Option B: Fully local with Minikube (no AWS needed)

cp .env.local .env
./scripts/dev/start-minikube.sh

This uses local services only: MinIO for S3, local PostgreSQL, a local Docker registry, and Minikube for Kubernetes.

Then submit evals:

hawk eval-set examples/simple.eval-set.yaml

Run k9s to monitor the Inspect pod.

Full Dev Stack (API + Viewer + Live Reload)

For developing with hot reload across the full stack:

Terminal 1: Library Watch Mode

cd ~/inspect_ai/src/inspect_ai/_view/www
yarn install
yarn build:lib --watch
cd ~/inspect_scout/src/inspect_scout/_view/www
pnpm install
pnpm build:lib --watch

Terminal 2: Viewer Dev Server

Update www/package.json to point to your local library, then:

cd www
yarn install
VITE_API_BASE_URL=http://localhost:8080 yarn dev

Terminal 3: API Server

cp .env.staging .env  # Or .env.local for fully-local setup
set -a && source .env && set +a
uv run fastapi run hawk/api/server.py --port=8080 --host=0.0.0.0 --reload

Code Quality

ruff check       # lint
ruff format      # format
basedpyright     # type check
pytest           # unit tests

All code must pass basedpyright with zero errors and zero warnings.

Testing Runner Changes

Build and push a custom runner image:

./scripts/dev/build-and-push-runner-image.sh my-tag
hawk eval-set examples/simple.eval-set.yaml --image-tag my-tag

Local Minikube Setup

This runs Hawk entirely locally.
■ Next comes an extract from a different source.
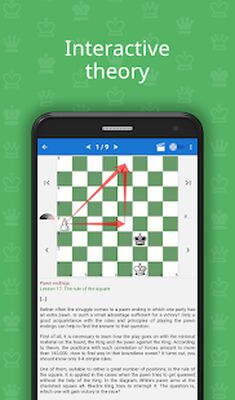 Download Chess Strategy for Beginners (Unlocked All MOD) for Android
It uses MinIO for S3, local PostgreSQL, a local Docker registry, and Minikube for Kubernetes. This is the same setup used by E2E tests in CI.

Prerequisites

You must be inside the devcontainer, which includes minikube, Docker-in-Docker, cilium, kubectl, helm, and gvisor.

Quick Start

cp .env.local .env
./scripts/dev/start-minikube.sh

The script will:

  1. Start Minikube with gvisor, containerd, and an insecure local registry
  2. Create Kubernetes resources and install Cilium
  3. Launch services (API server, MinIO, PostgreSQL, Docker registry)
  4. Run a smoke test to verify the cluster works
  5. Build and push a dummy runner image
  6. Run a simple eval set to verify everything works

Running Evals Locally

HAWK_API_URL=http://localhost:8080 hawk eval-set examples/simple.eval-set.yaml --image-tag=dummy

To run real evals, build and push a real runner image:

RUNNER_IMAGE_NAME=localhost:5000/runner ./scripts/dev/build-and-push-runner-image.sh latest

Updating Dependencies (Inspect AI / Inspect Scout)

Use the prepare-release.py script:

# Update to a specific PyPI version
./scripts/ops/prepare-release.py --inspect-ai 0.3.50

# Update to a specific git commit SHA
./scripts/ops/prepare-release.py --inspect-ai abc123def456

# Update Scout
./scripts/ops/prepare-release.py --inspect-scout 0.2.10

The script updates pyproject.toml files, runs uv lock, creates a release branch (for PyPI versions), and publishes any npm packages if needed.

Database Migrations

See Database for migration instructions.

Pull Requests

When creating PRs, use the template at .github/pull_request_template.md. The template includes:

  • Overview and linked issue
  • Approach and alternatives considered
  • Testing & validation checklist
  • Code quality checklist